Energy links supercomputers
Energy links supercomputers
Program changes emphasis from distributed computing to distance computing
By William Jackson
The Energy Department is putting a lot of energy into its Accelerated Strategic Computing Initiative supercomputers, 'trying to reach 100 trillion floating-point operations per second by 2004,' said John Naegle, a top member of the technical staff at Sandia National Laboratories in Albuquerque, N.M.
Several supercomputers already process in the 1- to 2-TFLOPS range at Sandia in Albuquerque and Livermore, Calif., at Lawrence Livermore National Laboratory in Livermore, and at Los Alamos National Laboratory in Los Alamos, N.M.
A 10-TFLOPS machine is coming online at Lawrence Livermore, and a 30-TFLOPS machine will go in at Los Alamos early next year.
But it does not make economic sense for every lab to have the biggest, fastest supercomputer, said Rich Gay, a senior member of Sandia's technical staff.
'Rather than spend money replicating them, we want to build communications,' Gay said.
DisCom2, Energy's Distance and Distributed Computing and Communication program, will network the high-end computing resources so that scientists at the different labs can share them.Shifting gears
The emphasis is on distance computing'providing access from remote sites'rather than distributed computing, which puts multiple computers to work on one problem.
The distance computing network will require some big pipes to feed the supercomputers.
The rule of thumb, Naegle said, is that each TFLOPS of computing power requires about 1 Gbps of WAN bandwidth.
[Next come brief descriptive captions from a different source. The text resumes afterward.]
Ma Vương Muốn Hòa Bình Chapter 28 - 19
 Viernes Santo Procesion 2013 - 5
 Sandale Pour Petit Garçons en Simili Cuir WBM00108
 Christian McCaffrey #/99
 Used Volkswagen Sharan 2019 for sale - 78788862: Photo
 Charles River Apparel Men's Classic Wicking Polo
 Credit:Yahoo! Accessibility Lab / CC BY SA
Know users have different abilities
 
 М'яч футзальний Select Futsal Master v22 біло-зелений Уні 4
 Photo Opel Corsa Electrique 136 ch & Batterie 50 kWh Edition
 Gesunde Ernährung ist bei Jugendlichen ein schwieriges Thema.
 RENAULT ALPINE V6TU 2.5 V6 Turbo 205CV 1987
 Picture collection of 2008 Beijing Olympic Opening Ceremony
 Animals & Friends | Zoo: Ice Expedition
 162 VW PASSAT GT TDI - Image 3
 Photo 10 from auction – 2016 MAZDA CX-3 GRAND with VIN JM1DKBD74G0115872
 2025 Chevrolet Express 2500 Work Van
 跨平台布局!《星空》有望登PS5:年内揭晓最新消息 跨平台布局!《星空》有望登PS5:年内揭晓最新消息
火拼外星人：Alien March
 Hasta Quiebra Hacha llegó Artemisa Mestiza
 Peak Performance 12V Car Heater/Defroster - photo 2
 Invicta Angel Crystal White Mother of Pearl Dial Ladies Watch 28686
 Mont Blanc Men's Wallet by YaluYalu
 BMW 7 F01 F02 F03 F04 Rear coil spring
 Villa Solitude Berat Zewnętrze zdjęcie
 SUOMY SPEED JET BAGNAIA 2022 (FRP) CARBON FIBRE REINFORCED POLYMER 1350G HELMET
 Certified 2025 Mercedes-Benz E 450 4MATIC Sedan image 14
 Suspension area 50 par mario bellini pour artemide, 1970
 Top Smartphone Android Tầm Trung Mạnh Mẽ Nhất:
That much bandwidth will come from an asynchronous transfer mode WAN.
ATM router modules bridge Gigabit Ethernet LANs at four national labs to a 2.5-Gbps ATM backbone that lets researchers share Energy's supercomputers.
To connect the ATM backbone to Ethernet LANs at the labs, Energy is trying out a new ATM Routing Module from Cisco Systems Inc. of San Jose, Calif. The module has been installed in Cisco Catalyst 8540 switches at each of the labs, Gay said.
Cisco developed the module because of the growing demand to bridge IP enterprise networks using Fast and Gigabit Ethernet onto ATM backbones, said Indrajit Roi, marketing manager for Cisco's metropolitan services business unit.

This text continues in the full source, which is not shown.